27. 34 Puñaladas @ FMM (29/7)
Quem os viu e quem os vê. Cinco anos depois, os 34 Puñaladas voltaram a Sines, voltaram a dar um espectáculo ao fim de tarde, mas agora, numa formação mais reduzida, e com as guitarras e o tremendo calor da voz do Alejandro Guyot a darem ao tango a dignidade e a ousadia que realmente merece. VÍDEO

28. Lee Ranaldo & Rafael Toral @ ZDB (21/4)
Não é em qualquer noite de copos que esbarramos sem querer num Steve Shelley ou que vemos o seu parceiro Lee Ranaldo numa pequena sala cujos cantos conhecemos melhor que certas partes da nossa casa, mas, para lá do acontecimento social, e tal como nas vezes anteriores que este por cá passou a solo (Gulbenkian ou São Jorge, por exemplo), houve texturas e outras brincadeiras com a guitarra que nos fizeram subir à estratosfera da imaginação. VÍDEO

29. Pavement @ Primavera (27/5)
Eram o principal motivo para a romaria ao Primavera deste ano. E, mesmo que tudo o resto houvesse corrido mal, restar-nos-ia este belo momento. VÍDEO

30. Mission Of Burma @ ZDB (24/5)
Não saírem ofuscados pela actuação dos Shellac, na mesma noite, era missão quase impossível, mas foi magnífico ouvir "That's When I Reach For My Revolver" e outras por um trio de veteranos pelos quais não se sentiu a passagem da idade.

quarta-feira, 22 de dezembro de 2010

Os melhores concertos de 2010 (31 a 40)

31. Dan Kaufman's Shiboleth @ Lounge (14/10)
Se eu aqui elegesse a figura do ano, Dan Kaufman podia bem estar lá no topo (ou perto dali).

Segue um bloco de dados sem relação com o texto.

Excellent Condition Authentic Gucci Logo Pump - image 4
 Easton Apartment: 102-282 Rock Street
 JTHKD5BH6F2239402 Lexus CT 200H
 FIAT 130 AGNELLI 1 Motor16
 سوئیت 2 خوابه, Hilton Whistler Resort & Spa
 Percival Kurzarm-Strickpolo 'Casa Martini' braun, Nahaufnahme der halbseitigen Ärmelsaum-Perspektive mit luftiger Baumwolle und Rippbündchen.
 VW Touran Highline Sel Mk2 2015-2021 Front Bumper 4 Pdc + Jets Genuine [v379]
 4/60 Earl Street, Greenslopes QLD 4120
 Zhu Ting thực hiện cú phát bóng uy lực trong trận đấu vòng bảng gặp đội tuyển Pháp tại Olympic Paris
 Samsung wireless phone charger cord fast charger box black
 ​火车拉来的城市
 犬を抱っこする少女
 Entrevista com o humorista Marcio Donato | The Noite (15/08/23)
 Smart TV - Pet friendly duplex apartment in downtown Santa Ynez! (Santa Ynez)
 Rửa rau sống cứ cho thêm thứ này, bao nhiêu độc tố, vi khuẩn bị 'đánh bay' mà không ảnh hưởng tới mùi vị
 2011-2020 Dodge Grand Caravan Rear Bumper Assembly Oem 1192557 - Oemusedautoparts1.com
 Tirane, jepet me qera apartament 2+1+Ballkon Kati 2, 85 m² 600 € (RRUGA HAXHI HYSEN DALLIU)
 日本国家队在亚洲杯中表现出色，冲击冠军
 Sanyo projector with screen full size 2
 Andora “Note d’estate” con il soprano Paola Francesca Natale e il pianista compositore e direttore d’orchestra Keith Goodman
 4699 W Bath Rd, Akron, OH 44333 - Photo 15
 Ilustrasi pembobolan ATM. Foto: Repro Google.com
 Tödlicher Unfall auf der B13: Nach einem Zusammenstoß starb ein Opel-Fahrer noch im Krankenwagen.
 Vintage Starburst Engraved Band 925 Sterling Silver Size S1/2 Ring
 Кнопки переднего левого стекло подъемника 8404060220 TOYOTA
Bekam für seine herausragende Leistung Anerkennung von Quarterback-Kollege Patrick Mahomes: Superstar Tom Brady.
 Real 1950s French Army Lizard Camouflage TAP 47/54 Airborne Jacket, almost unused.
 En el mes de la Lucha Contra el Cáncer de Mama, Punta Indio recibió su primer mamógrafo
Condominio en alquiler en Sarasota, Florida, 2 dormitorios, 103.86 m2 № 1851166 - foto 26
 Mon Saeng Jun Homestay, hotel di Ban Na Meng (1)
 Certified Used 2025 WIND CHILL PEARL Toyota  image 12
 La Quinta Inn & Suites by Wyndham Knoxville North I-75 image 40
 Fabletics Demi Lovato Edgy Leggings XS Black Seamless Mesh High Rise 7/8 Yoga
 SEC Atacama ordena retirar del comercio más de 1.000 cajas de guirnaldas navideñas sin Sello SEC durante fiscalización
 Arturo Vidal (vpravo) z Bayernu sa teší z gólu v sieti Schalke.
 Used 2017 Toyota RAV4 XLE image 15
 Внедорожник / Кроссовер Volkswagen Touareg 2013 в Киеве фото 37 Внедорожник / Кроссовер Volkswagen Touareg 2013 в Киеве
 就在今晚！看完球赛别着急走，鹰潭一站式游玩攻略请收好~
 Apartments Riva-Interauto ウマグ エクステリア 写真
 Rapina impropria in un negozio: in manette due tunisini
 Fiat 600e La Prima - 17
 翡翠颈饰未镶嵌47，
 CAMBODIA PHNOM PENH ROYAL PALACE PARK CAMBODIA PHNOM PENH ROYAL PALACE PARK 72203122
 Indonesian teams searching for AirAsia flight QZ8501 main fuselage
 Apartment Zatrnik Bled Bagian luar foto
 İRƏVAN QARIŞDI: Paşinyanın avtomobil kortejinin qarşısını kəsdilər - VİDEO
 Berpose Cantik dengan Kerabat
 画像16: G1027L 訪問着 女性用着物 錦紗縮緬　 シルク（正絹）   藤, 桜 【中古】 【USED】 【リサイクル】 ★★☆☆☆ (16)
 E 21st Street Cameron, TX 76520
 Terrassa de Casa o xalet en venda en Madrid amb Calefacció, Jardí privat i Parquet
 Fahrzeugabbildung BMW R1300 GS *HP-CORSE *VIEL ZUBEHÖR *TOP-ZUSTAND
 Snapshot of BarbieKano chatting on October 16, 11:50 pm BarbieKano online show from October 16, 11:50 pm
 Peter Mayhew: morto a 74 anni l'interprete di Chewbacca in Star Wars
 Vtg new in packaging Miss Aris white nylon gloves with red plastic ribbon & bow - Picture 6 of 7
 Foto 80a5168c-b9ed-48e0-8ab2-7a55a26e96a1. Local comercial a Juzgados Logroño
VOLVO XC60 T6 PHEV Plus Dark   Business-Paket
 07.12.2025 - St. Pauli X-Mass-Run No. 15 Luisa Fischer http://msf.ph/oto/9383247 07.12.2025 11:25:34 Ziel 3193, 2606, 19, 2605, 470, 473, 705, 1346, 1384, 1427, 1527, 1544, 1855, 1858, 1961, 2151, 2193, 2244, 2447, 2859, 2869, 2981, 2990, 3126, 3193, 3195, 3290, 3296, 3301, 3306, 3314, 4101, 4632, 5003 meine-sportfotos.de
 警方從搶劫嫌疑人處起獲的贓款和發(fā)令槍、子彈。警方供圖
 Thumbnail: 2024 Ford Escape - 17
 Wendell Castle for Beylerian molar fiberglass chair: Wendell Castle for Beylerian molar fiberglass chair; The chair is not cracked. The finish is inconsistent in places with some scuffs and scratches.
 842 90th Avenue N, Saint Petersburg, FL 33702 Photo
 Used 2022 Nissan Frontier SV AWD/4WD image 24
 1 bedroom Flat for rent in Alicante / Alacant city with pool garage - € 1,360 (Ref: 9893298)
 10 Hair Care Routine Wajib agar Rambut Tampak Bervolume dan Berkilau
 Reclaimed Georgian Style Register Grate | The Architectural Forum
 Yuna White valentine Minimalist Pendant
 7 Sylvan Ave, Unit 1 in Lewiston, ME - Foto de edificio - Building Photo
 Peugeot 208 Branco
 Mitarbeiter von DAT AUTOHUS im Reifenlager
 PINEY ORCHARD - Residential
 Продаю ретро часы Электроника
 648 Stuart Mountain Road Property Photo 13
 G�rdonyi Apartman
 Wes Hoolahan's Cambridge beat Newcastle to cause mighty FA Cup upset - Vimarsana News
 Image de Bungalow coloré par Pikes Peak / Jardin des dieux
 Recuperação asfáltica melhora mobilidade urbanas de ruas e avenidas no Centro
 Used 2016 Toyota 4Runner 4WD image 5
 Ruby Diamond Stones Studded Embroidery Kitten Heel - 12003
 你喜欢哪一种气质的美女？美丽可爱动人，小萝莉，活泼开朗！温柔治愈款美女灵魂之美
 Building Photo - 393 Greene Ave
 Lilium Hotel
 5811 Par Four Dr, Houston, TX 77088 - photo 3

Este ano, esteve cá com os Barbez (esperem por mais desta lista) e, mais tarde, com um projecto semi-improvisado, ao lado de dois portugueses, Enrique TK e Gustavo Costa. Composições de origem judaica, algumas delas com mais de dois mil anos, em formato surf-rock, melopeias à Constellation ou outros desvarios sonoros.

32. Anonima Nuvolari @ Musicbox (7/1)
Dêem-lhes um palco, dêem-lhes público, se querem ver. Fazem um festão. Aliás, nem é preciso dar-lhes nada. Palco para eles é qualquer sítio. O público, esse, anda sempre atrás do combo de doidos. A festa está, por isso, sempre garantida.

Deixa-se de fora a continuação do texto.